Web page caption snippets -

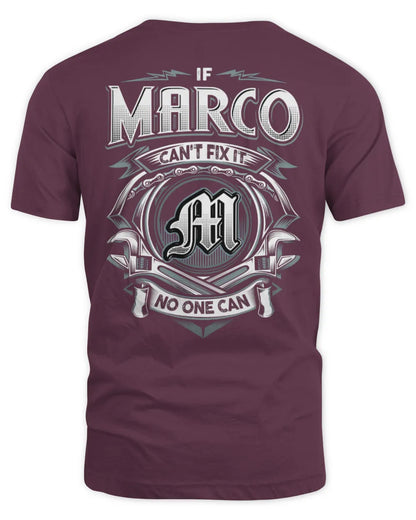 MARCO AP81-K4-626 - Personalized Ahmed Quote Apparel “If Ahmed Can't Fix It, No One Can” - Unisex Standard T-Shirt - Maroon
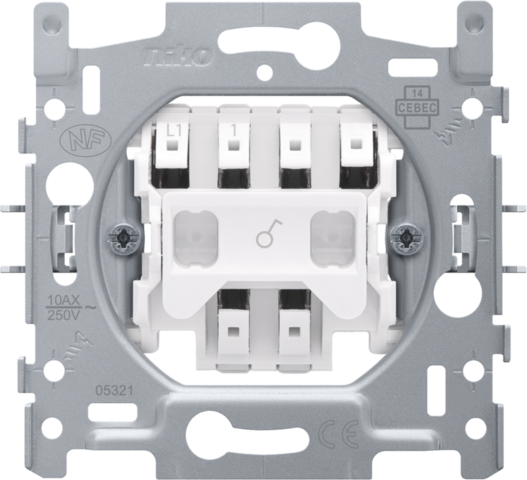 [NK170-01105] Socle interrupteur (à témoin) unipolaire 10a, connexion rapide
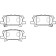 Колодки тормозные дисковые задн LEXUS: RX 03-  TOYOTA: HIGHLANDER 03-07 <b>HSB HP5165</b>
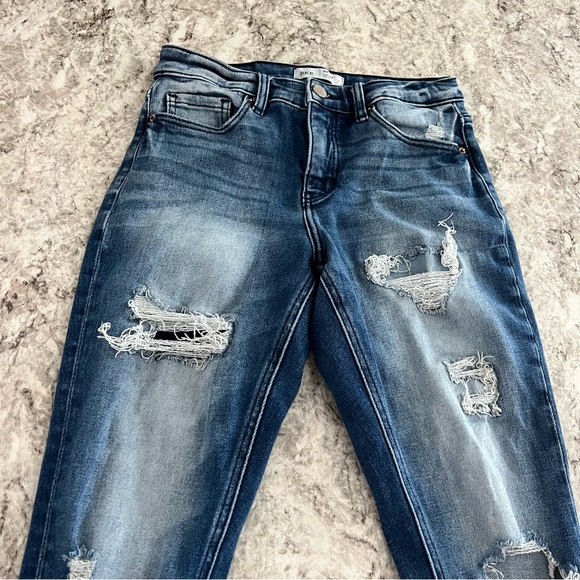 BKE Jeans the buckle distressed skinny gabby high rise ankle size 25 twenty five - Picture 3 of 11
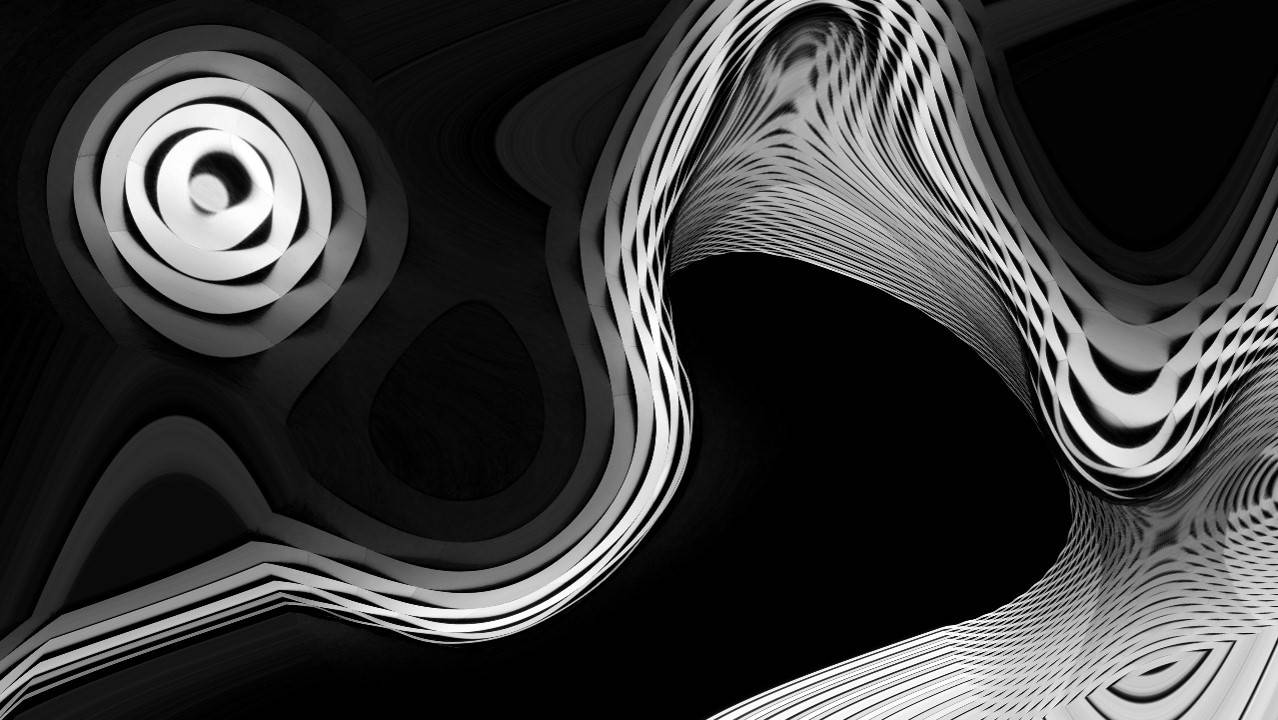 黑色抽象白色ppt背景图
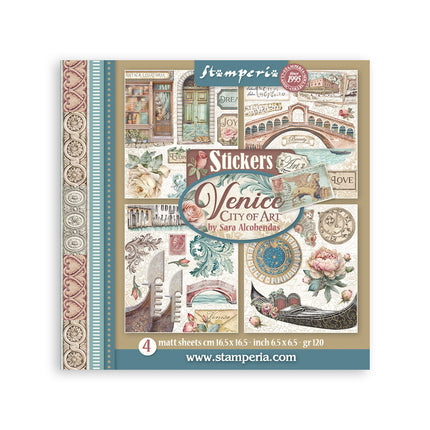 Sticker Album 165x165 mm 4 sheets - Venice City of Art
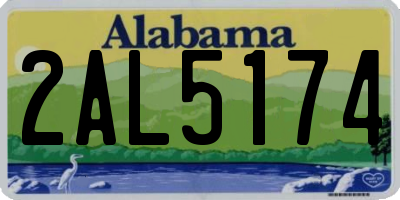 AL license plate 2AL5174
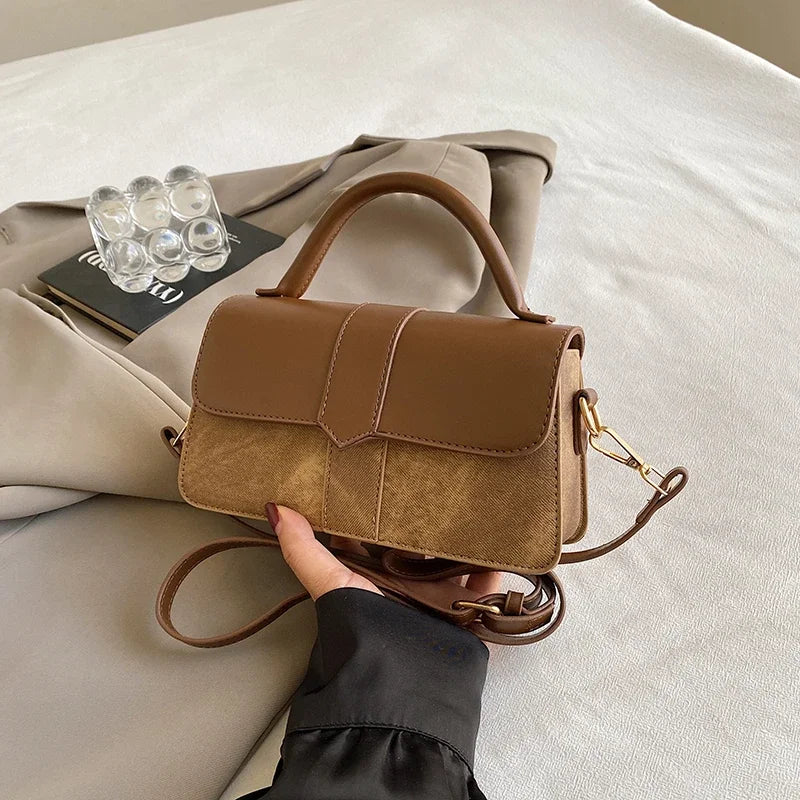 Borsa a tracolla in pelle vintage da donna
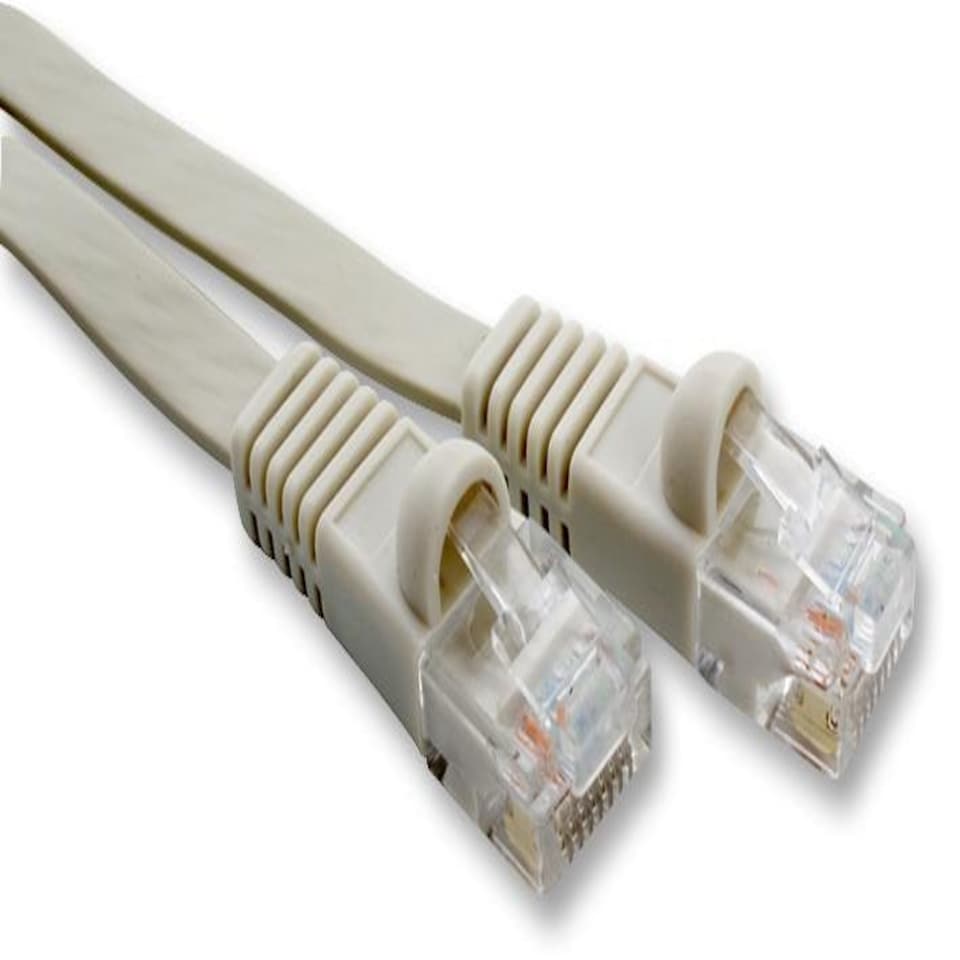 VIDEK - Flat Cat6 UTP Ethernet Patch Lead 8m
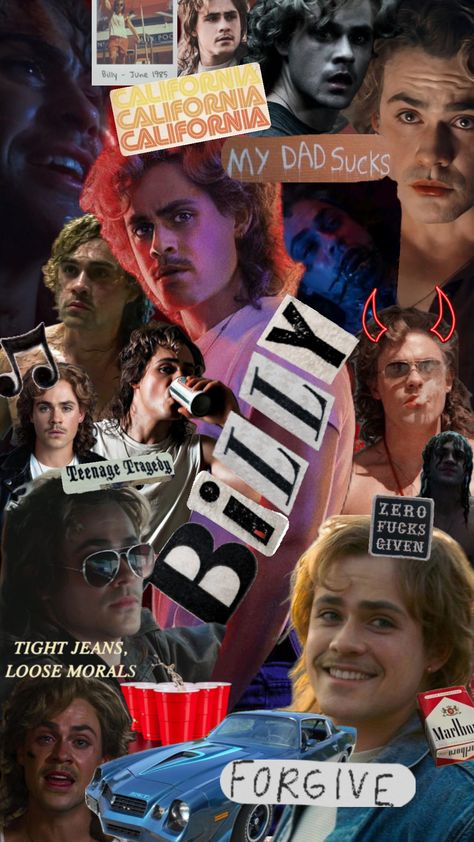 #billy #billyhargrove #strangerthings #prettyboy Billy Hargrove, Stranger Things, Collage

Exercise goal -
From the line containing "Borsa a tracolla in pelle vintage da donna" through the last line of the entries, both included, print each line exactly and omit any picture.

Response to the exercise -
 Borsa a tracolla in pelle vintage da donna
 VIDEK - Flat Cat6 UTP Ethernet Patch Lead 8m
 #billy #billyhargrove #strangerthings #prettyboy Billy Hargrove, Stranger Things, Collage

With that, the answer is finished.